Singular decomposition: nonsingular matrices

The question asks about the special case of nonsingular matrices. The matrices have trivial null spaces. That is, $$ \color{red} {\mathcal{N} \left( \mathbf{A} \right)} = \mathbf{0}, \qquad \color{red} {\mathcal{N} \left( \mathbf{A}^{*} \right)} = \mathbf{0}. $$ The SVD simplifies to having only range space components: $$ \mathbf{A} = \color{blue}{\mathbf{U}_{\mathcal{R}}} \, \mathbf{S} \, \color{blue}{\mathbf{V}^{*}_{\mathcal{R}}} % $$ as does the pseudoinverse $$ \mathbf{A}^{+} = \color{blue}{\mathbf{V}_{\mathcal{R}}} \, \mathbf{S}^{-1} \, \color{blue}{\mathbf{U}^{*}_{\mathcal{R}}} $$

Does $\mathbf{A}^{+}=\mathbf{A}^{-1}$?

The classic inverse is defined by the properties $$ \mathbf{A}^{-1} \mathbf{A} = \mathbf{A} \mathbf{A}^{-1} = \mathbf{I}_{m} $$ The classic inverse is both a left inverse and a right inverse.

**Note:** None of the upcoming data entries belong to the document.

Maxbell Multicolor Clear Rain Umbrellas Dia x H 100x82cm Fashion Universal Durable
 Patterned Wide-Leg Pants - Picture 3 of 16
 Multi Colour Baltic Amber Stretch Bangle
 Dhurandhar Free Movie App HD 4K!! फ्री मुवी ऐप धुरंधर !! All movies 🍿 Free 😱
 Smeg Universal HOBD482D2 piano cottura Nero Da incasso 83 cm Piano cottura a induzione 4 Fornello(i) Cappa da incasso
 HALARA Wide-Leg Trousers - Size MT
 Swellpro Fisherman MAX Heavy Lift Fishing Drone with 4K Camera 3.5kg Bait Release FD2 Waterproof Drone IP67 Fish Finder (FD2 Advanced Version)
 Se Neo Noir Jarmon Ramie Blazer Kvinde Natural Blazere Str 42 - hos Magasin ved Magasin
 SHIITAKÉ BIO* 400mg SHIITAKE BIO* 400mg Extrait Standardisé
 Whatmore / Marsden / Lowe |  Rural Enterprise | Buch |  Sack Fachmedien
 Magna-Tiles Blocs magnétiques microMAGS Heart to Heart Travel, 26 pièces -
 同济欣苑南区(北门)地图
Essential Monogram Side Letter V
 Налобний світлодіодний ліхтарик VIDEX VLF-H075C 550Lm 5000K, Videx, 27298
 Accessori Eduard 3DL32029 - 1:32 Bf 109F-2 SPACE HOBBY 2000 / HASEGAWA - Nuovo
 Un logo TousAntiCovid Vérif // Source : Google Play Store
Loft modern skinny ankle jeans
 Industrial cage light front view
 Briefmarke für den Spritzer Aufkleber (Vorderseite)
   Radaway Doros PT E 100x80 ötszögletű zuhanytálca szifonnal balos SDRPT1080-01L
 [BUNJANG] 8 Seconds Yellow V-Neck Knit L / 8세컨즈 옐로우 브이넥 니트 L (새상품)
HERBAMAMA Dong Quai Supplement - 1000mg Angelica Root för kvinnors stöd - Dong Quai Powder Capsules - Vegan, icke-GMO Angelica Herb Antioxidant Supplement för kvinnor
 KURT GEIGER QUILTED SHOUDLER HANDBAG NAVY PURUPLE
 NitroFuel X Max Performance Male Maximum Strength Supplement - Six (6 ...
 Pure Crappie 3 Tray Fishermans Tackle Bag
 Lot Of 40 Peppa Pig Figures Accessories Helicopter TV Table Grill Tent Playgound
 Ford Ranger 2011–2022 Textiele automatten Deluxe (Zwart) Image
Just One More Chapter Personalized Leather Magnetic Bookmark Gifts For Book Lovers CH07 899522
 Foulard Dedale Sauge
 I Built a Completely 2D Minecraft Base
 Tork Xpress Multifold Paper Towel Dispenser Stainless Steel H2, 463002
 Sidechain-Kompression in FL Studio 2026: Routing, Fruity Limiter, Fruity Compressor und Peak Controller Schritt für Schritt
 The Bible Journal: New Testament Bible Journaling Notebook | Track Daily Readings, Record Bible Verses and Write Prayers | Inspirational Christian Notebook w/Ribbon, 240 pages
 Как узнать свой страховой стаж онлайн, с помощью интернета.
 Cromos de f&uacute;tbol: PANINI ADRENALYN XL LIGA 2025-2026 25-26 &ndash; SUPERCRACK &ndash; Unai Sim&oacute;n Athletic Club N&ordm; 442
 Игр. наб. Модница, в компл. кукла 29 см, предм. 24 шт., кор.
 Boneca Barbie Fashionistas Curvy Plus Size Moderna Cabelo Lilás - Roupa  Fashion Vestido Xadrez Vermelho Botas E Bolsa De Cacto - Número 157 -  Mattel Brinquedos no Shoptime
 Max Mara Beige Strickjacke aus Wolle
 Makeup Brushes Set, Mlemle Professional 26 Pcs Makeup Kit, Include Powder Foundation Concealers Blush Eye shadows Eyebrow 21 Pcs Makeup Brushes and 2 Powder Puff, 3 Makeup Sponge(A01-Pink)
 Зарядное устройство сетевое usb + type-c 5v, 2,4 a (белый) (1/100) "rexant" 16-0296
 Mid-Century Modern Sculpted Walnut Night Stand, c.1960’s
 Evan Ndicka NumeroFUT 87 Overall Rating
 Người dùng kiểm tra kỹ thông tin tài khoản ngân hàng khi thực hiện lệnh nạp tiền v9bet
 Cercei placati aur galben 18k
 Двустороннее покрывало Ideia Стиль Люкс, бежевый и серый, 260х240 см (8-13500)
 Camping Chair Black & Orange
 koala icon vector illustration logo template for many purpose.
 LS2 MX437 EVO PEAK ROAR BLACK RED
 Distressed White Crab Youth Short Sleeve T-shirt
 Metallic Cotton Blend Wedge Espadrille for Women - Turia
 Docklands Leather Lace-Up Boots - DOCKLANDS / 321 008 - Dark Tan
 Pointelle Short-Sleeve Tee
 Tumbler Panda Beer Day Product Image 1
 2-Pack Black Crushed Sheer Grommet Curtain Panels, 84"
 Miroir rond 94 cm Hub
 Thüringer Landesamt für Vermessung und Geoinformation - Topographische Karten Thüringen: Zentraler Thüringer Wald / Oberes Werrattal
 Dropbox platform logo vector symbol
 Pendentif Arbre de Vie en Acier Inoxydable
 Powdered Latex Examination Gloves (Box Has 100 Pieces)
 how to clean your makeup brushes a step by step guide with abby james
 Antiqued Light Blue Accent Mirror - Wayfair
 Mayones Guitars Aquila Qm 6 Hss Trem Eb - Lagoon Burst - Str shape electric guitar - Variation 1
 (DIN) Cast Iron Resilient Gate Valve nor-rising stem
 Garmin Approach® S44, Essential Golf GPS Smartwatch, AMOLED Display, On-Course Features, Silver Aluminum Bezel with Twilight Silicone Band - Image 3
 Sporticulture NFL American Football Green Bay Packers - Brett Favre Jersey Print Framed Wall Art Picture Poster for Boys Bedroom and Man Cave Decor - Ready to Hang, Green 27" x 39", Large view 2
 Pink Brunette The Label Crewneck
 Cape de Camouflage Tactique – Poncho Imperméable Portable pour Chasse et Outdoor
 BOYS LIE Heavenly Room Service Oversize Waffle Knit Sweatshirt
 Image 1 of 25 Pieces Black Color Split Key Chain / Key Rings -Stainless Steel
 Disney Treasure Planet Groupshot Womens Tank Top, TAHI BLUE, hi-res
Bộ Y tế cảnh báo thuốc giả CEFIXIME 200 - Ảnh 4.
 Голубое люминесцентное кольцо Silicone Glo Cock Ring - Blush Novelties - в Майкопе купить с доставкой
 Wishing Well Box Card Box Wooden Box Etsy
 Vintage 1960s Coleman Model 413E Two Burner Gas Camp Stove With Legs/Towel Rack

$$ \mathbf{A}^{+} \mathbf{A} = \left( \color{blue}{\mathbf{V}_{\mathcal{R}}} \, \mathbf{S}^{-1} \, \color{blue}{\mathbf{V}_{\mathcal{R}}} \right) \left( \color{blue}{\mathbf{V}_{\mathcal{R}}} \, \mathbf{S} \, \color{blue}{\mathbf{V}^{*}_{\mathcal{R}}} \right) % = \color{blue}{\mathbf{V}_{\mathcal{R}}} \, \mathbf{S}^{-1} \, \mathbf{S} \, \color{blue}{\mathbf{V}^{*}_{\mathcal{R}}} = \color{blue}{\mathbf{V}_{\mathcal{R}}} \color{blue}{\mathbf{V}^{*}_{\mathcal{R}}} = \mathbf{I}_{n} $$ A similar process establishes $$ \mathbf{A} \mathbf{A}^{+} = \mathbf{I}_{n} $$ The pseudoinverse for $\mathbf{A}\in\mathbb{C}^{m\times m}_{m}$ is identically the classic inverse.

Explain numerical differences

The SVD is very powerful and very expensive. The routines are slower, and more robust. For a well conditioned matrix the numeric differences should be of the order of machine epsilon for the precision employed.

If the matrix is poorly conditioned, the differences can be extreme and highlight the need for the SVD. Thinking of rank as a discrete number if overly simplistic.

Consider the matrix $$ \mathbf{A} = \left[ \begin{array}{cc} 1 & 1 \\ 0 & \epsilon \end{array} \right] $$ If $\epsilon\ne0$, the matrix is rank 2. Numerically, as $\epsilon\to 0$, the matrix condition number will erode, and the quality of the inverse will erode also.

Solution 2:

The pseudoinverse should indeed equal the inverse for invertible matrices.

According to the documentation, Matlab's inv is based on LU or LDL decomposition, wile pinv is based on singular value decomposition. Different algorithms are used even if the matrix is invertible, so rounding error accumulates differently. You should never expect exact equality when dealing with floating-point arithmetic.

If the difference is large, file a bug report.